[INSTRUCTIONS FOR THE TASK] Return the lines below exactly, please, from the one containing "Tixlux Pocket Hug" through the last one, both included, and leave out any pictures.

** Opening ENTRIES SHOWN block **

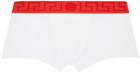 Versace Underwear White & Red Greca Border Boxers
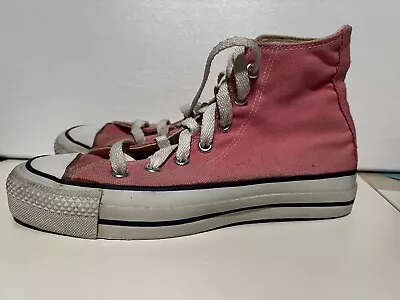 Vintage NOS 80s USA Made Converse Chuck Taylor High-tops PINK W7 M5 • $171.29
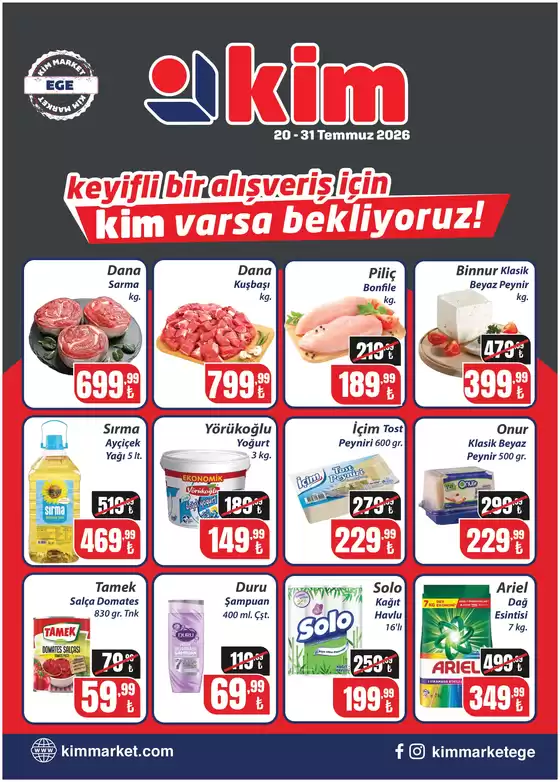 Kim Market kataloğu | Fırsat avcıları için harika teklifler | 2026-07-20T00:00:00.000Z - 2026-07-31T00:00:00.000Z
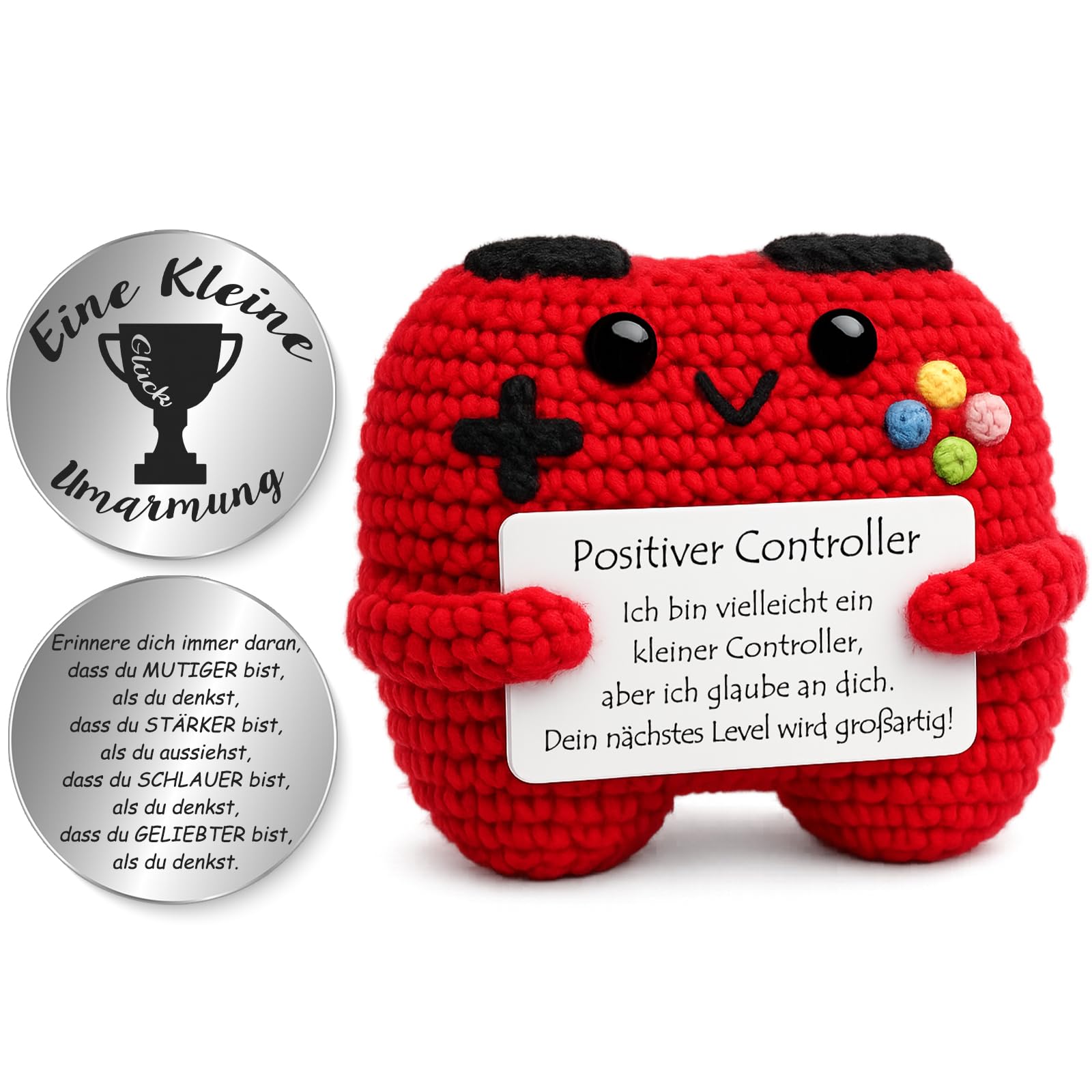 Tixlux Pocket Hug Fröhlicher Pinguin, Kreative Strickwolle Pinguin Dekofigur und Kleine Umarmung Glücksbringer, MutmacherGeschenk, Gute Besserung Geschenk, Weihnachten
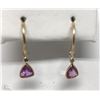 Image 1 : #45-14K GOLD SAPPHIRE(2.1CT)&DIAMOND EARRINGS
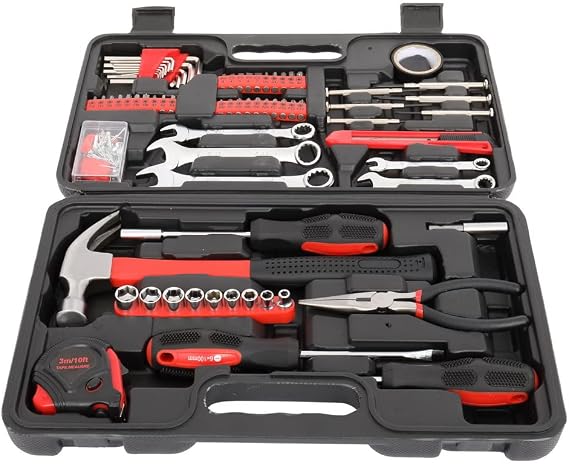148-Piece Home Tools Set - Travel and Home Repair Tool Kit - General Household Hand Tool Set with Solid Carrying Tool Box - Tool Kits for Handyman - Basic Tool Kit For Home - Black and Red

** Closing ENTRIES SHOWN block **

[SOLUTION FOR THIS EXERCISE]
 Tixlux Pocket Hug Fröhlicher Pinguin, Kreative Strickwolle Pinguin Dekofigur und Kleine Umarmung Glücksbringer, MutmacherGeschenk, Gute Besserung Geschenk, Weihnachten
 Image 1 : #45-14K GOLD SAPPHIRE(2.1CT)&DIAMOND EARRINGS
148-Piece Home Tools Set - Travel and Home Repair Tool Kit - General Household Hand Tool Set with Solid Carrying Tool Box - Tool Kits for Handyman - Basic Tool Kit For Home - Black and Red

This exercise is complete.